The Vision Bleak –The Deathship Sails OnThursday, 28th November 2013
Heavy and boastfully thematic, Germany’s The Vision Bleak have held serve as one of European Goth metal’s more strident bands. Since their underrated 2004 The Deathship Has a New Captain debut, the pair of Konstanz (vocals, drums, keyboards) and Schwadorf (vocals, guitars, bass) have managed to carve their own little niche in the ever-huffed and dramatic Goth metal scene. Their sound – a polished, plush blend of driving guitars and diverse vocal pleas – has coagulated into something even more fierce with their last two albums, 2010’s Set Sail to Misery, and their latest, Witching Hour, a conceptual piece about…witches and witchcraft. Go figure. Either way, the duo has made good on their efforts to be a singular Goth/cinematic entity, something Schwadorf was happy to discuss when he responded to our electronic queries…
Dead Rhetoric: You stated that Witching Hour harkens back to your early days. What made you want to “go back” in that regard?

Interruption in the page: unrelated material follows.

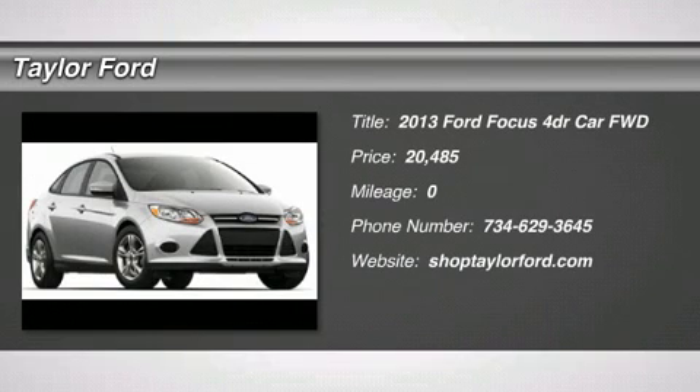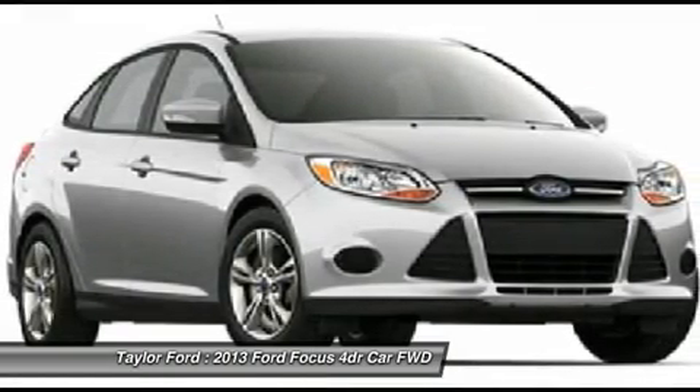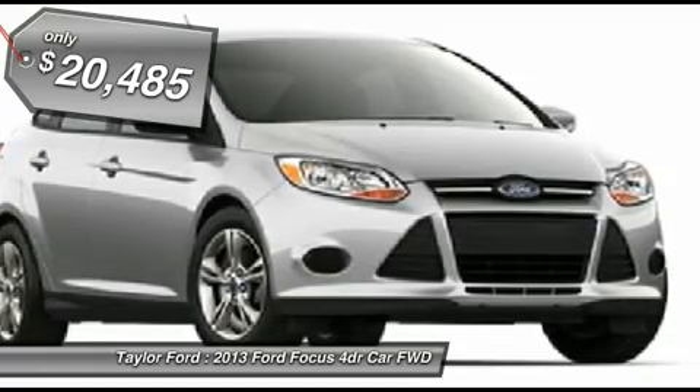The 2013 Ford Focus. Focus has more cool tech, more of what you're looking for, from any point of view, more than meets the eye, and is priced below $25,000.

Schwadorf: It’s quite simple – we just wanted to follow our gut feeling and get back to the fresh, rockish vibe of the debut without overthinking everything too much. No second thoughts…
Dead Rhetoric: Do you feel that you got a little too metal-sounding on Set Sail to Misery?
Schwadorf: Do you think so? I actually think the new record is both more catchy and more metal than the previous one. Set Sail was definitely our most atmospheric record in terms of production, also. This time we wanted less of a cluttered, atmo sound but more of a energetic pounding sound!
Dead Rhetoric: The two of you are involved in several other projects. Where does The Vision Bleak rank in terms of priority these days?
Schwadorf: The Vision Bleak has always top priority whenever we work on the project. As simple as that.
Dead Rhetoric: The cooperation and partnership between the two of you…in what ways has it grown over the years? Or, in what ways has it stayed the same?
Schwadorf: We are working together since such a long time. Actually it’s a little like a marriage. Everybody knows the strengths and the weakness of the other one and we can work around that.
Dead Rhetoric: You did a run of summer dates before the album’s release. How did they go?
Schwadorf: Just came back from the European tour with Saturnus and Dordeduh. Everything went flawless. Great shows, great audience and the new songs in the setlist have been superbly received by the fans! Couldn’t be happier…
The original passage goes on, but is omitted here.